**YOUR TASK**
Find the line containing "Honor returns to" in the entries; transcribe it and all remaining lines through the end, exactly as they appear, but not the pictures.

::::::::

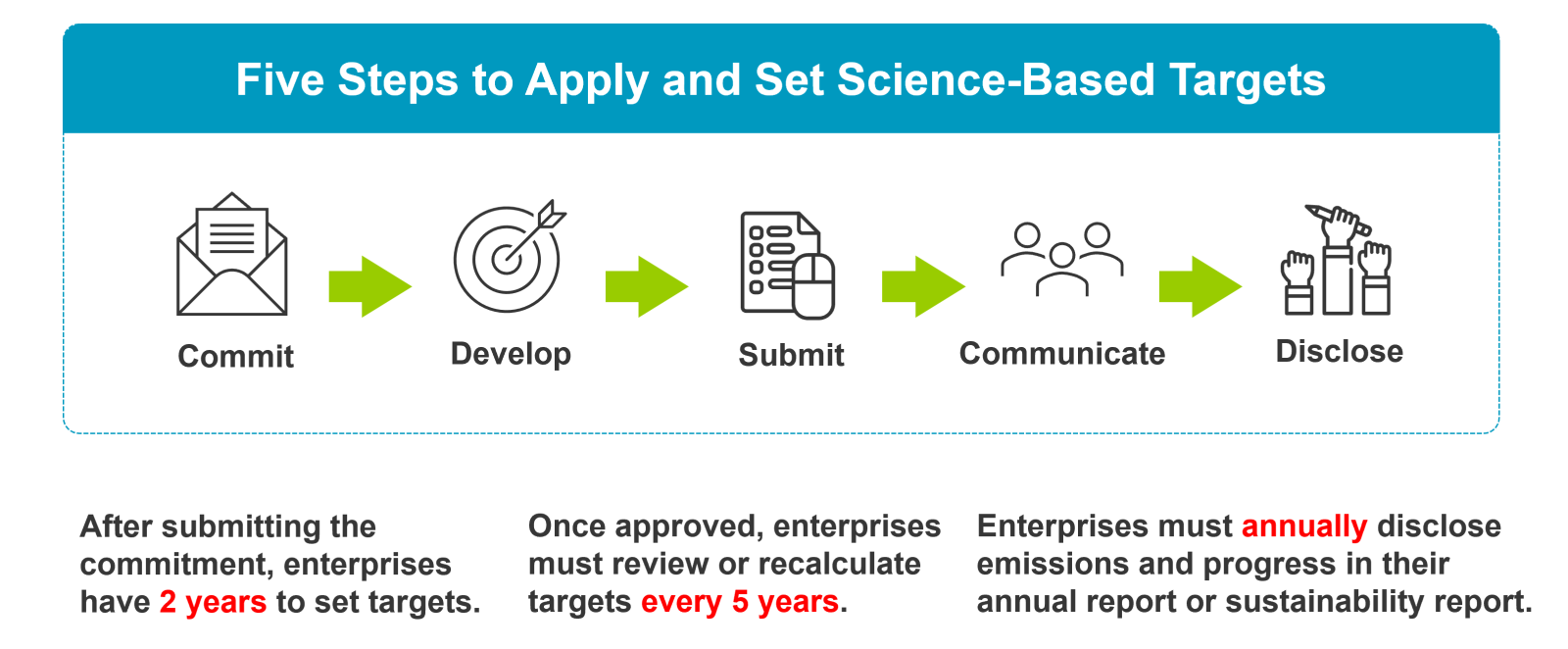 Five steps to apply and set science-based targets
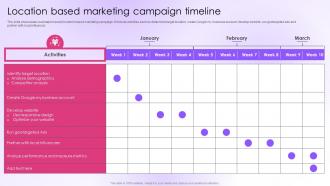 Location Based Marketing Campaign Timeline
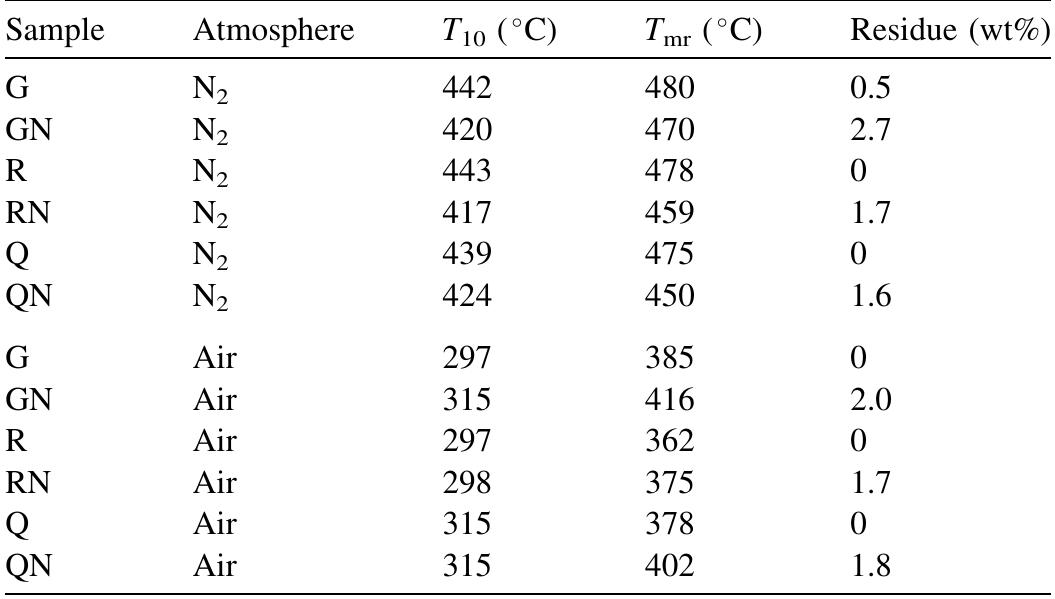TGA data under nitrogen and air atmosphere for PP samples anc nanocomposites 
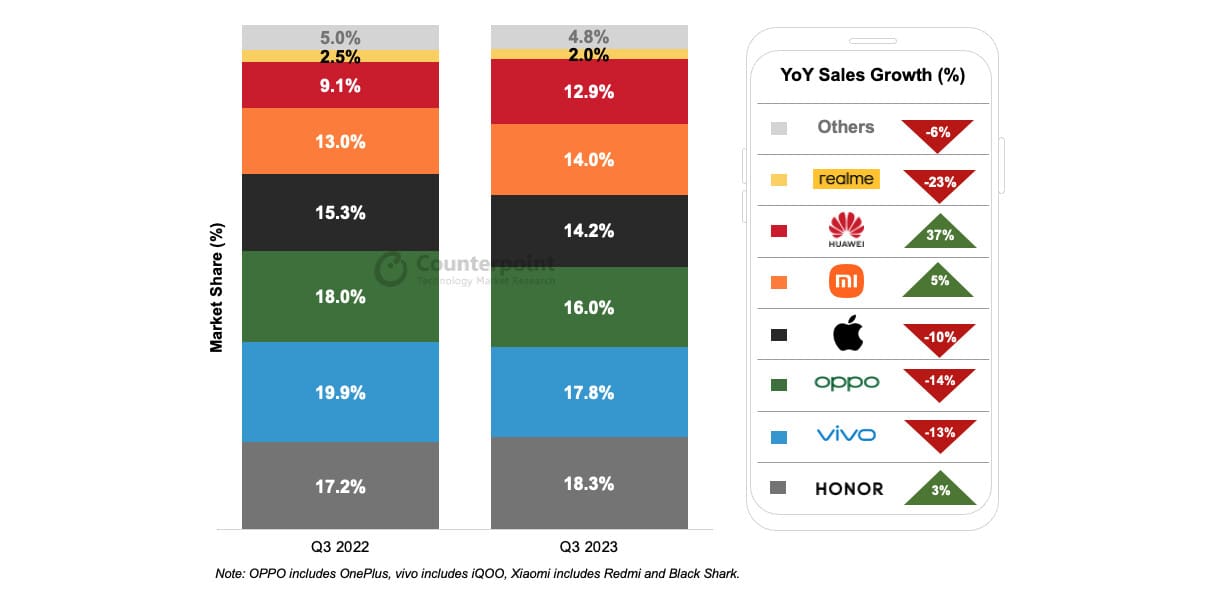 Honor returns to the top spot in China in Q3 2023, closely followed by Vivo and Oppo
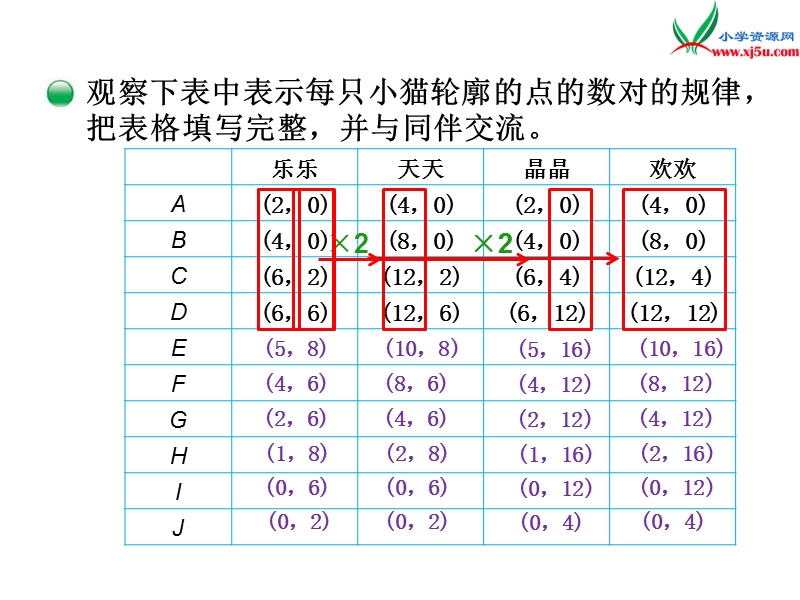 2017春（北师大版）六年级数下册第四单元 可爱的小猫.ppt_第3页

::::::::

**ANSWER BOX**
 Honor returns to the top spot in China in Q3 2023, closely followed by Vivo and Oppo
 2017春（北师大版）六年级数下册第四单元 可爱的小猫.ppt_第3页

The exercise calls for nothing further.